Nazarbayev had seen the full gamut –– America’s sole superpower moment, a phase of overreach, and decline, reaching its nadir in Afghanistan. Consistent with regional realities, Kazakhstan deftly navigated between the US, Russia and China.

This strategic state kept altering its distance from the three powerful nations according to the waxing or waning of power in the neighbourhood. With the US on a slope, China, Russia became the new rising powers.

After the Afghan fiasco, was the US going to pick up its marbles in the region and walk away? Was 20 years of Afghan occupation and clandestine biological research programmes, scores of sleeper cells – all going to be abandoned? Not quite.

How to look muscular in foreign affairs, having been so weakened from within? Wise men of foreign policy, Henry Kissinger, Zbigniew Brzezinski and a host of others, whispered the mantra to The White House: a weak America must dedicate itself to the task of keeping China and Russia distant from one another.

Quite the opposite has happened. Russia and China have seldom been closer. When the State Department criticized Kazakhstan President Kassym-Jomart Tokayev for having invited the Russia led Collective Security Treaty Organization to send 2,500 Peacekeeping troops to control the situation, Xi Jinping made a most uncharacteristic statement supporting Tokayev’s move.

US diplomats were embarrassed. As soon as violence erupted, Tokayev relieved Nazarbayev of his post. The former strongman’s coterie had given the violent demonstrations a helping hand. CIA was accused of plotting a “colour revolution”.

Not only has the US been caught with its hand in the till of biological weapon manufacture but they are flat footed on regime change allegations.

The new Secretary of State, Antony Blinken must be red faced, having been socked on the jaw by the Russian Foreign Ministry.
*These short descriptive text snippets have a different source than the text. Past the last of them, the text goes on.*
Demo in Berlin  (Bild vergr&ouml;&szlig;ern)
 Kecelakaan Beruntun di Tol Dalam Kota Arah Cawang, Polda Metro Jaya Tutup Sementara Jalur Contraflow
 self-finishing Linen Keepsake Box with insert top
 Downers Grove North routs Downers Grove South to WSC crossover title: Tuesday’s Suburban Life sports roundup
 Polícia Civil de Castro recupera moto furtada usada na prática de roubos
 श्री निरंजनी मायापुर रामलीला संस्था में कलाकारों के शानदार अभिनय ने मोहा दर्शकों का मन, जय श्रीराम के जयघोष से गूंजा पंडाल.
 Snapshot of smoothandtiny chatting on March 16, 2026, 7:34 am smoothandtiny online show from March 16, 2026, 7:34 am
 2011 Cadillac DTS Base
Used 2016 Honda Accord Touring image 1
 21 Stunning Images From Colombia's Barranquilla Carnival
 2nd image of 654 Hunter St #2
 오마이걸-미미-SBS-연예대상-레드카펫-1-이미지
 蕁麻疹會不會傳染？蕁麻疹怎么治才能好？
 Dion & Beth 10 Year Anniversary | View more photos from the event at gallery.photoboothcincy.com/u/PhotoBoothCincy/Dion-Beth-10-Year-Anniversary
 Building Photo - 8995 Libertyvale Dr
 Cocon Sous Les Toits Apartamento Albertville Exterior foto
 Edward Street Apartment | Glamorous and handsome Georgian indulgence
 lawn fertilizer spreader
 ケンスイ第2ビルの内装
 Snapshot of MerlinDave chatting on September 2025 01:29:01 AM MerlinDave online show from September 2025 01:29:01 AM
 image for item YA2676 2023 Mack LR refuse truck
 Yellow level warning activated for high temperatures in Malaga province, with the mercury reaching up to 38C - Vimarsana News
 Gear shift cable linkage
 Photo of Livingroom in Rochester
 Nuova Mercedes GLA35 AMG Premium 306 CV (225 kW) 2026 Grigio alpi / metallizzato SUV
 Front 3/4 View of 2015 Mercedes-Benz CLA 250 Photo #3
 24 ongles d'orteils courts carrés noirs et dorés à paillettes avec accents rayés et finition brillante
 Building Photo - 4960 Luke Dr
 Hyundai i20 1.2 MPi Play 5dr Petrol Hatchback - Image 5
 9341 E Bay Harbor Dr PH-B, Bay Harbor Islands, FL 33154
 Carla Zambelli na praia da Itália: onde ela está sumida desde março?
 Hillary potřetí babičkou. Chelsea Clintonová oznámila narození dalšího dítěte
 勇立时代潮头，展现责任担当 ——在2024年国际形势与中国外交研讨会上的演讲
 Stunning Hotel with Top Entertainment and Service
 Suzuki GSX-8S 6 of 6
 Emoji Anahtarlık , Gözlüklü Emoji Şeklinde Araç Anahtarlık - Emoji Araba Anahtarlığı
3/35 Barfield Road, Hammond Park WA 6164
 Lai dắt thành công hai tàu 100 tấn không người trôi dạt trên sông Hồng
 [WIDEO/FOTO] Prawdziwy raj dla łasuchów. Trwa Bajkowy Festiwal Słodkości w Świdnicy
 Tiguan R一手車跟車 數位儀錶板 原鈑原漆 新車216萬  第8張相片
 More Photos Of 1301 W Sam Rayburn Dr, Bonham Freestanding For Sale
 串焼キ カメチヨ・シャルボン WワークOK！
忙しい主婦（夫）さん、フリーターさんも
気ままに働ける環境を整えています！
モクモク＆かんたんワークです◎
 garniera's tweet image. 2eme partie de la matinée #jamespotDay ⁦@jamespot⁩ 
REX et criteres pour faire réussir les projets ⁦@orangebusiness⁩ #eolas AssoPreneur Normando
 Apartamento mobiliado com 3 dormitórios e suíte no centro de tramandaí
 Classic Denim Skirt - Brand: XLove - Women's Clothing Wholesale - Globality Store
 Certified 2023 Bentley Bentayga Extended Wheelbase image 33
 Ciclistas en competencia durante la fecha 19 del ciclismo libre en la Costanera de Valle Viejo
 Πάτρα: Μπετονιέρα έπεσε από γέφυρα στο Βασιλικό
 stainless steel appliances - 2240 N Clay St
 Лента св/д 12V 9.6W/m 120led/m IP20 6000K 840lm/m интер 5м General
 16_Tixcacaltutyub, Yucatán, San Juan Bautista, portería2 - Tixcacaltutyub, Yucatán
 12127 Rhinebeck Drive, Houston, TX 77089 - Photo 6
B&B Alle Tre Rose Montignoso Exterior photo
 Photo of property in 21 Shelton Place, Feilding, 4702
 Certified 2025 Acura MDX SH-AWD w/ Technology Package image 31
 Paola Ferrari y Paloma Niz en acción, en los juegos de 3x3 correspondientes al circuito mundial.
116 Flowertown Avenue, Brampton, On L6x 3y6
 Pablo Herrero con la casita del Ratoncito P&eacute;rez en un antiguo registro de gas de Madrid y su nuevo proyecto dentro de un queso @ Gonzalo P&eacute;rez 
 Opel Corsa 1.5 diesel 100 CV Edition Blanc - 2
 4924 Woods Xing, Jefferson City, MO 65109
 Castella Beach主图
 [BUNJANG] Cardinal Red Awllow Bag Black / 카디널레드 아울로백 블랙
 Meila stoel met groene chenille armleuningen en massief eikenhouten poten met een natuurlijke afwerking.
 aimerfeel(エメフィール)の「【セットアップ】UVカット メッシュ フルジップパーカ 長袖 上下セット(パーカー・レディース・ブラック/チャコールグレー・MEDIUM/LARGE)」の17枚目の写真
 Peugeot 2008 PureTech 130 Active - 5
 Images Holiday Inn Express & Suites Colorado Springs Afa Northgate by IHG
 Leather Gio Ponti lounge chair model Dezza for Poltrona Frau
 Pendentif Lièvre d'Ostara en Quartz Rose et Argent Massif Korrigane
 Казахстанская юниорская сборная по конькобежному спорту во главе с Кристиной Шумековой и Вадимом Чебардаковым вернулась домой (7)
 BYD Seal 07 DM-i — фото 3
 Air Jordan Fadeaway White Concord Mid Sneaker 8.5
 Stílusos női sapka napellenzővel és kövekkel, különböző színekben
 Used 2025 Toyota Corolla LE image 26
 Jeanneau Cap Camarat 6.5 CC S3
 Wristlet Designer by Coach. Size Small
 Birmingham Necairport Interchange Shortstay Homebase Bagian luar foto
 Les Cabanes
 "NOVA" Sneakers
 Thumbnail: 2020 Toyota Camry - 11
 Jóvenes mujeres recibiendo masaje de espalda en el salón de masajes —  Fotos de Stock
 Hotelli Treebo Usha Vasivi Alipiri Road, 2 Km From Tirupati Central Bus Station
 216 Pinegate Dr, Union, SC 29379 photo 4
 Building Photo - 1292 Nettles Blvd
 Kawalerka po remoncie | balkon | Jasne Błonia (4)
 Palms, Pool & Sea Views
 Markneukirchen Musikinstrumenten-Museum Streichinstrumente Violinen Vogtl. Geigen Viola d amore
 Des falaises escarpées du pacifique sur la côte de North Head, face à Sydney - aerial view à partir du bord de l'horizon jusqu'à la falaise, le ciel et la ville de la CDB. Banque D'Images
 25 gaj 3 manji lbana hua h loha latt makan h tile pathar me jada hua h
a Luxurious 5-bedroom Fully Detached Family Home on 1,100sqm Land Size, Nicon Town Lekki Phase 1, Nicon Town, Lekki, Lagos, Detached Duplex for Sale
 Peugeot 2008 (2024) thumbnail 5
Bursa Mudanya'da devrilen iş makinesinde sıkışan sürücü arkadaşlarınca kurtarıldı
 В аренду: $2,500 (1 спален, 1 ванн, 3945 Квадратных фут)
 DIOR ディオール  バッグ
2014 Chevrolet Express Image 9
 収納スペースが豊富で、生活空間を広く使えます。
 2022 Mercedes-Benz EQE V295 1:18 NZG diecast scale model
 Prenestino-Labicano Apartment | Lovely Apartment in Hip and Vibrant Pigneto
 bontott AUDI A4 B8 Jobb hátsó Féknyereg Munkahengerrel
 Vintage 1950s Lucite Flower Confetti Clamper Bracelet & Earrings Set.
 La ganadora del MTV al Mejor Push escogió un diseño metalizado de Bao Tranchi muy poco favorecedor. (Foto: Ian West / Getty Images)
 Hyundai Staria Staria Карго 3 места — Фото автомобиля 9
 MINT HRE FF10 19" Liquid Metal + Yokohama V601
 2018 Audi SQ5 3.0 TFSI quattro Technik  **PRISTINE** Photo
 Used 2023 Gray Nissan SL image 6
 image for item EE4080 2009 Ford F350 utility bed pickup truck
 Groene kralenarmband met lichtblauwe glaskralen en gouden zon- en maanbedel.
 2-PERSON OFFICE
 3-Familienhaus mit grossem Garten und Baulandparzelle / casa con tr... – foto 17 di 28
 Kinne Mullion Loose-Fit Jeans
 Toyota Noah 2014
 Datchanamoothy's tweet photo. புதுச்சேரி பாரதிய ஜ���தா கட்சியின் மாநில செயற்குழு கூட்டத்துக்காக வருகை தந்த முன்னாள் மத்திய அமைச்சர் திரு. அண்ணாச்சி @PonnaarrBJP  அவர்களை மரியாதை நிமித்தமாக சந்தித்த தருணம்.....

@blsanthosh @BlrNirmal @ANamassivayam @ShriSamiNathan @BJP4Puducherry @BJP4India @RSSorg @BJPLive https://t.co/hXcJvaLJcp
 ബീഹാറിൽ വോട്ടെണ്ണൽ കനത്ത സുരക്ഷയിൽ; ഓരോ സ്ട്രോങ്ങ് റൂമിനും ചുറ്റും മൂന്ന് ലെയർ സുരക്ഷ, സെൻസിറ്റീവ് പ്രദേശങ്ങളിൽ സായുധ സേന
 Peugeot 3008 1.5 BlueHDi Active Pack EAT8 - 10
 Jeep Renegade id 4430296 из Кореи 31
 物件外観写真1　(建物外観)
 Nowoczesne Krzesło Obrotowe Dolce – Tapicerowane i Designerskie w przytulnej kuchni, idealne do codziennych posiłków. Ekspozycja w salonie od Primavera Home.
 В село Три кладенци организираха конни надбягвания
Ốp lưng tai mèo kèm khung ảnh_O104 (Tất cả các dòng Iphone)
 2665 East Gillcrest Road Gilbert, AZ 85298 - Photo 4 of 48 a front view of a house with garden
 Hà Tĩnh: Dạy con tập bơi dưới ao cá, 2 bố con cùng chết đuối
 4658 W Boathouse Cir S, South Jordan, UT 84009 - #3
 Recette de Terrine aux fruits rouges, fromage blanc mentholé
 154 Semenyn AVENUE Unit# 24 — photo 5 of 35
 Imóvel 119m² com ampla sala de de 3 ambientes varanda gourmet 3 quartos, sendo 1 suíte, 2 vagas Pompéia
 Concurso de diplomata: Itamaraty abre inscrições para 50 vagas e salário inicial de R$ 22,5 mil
Without having an inkling of what the Russian intention was when 2,500 CSTO peacekeepers were sent to Kazakhstan, he put his foot in his mouth: “One lesson of recent history is that once Russians are in your house, it’s sometimes very difficult to get them to leave.”

Blinken looked silly when Russian troops began to leave after having restored order. But the Russian foreign office was merciless in its parody of Blinken's statement.

“When Americans are in your house, it can become difficult to stay alive, and not be robbed or raped. Indians of North American continent, Koreans, Vietnamese, Iraqis, Panamanian, Yugoslavs, Libyans, Syrians and other unfortunate people who are unlucky enough to see these uninvited guests in their “homes” will have much to say about this.”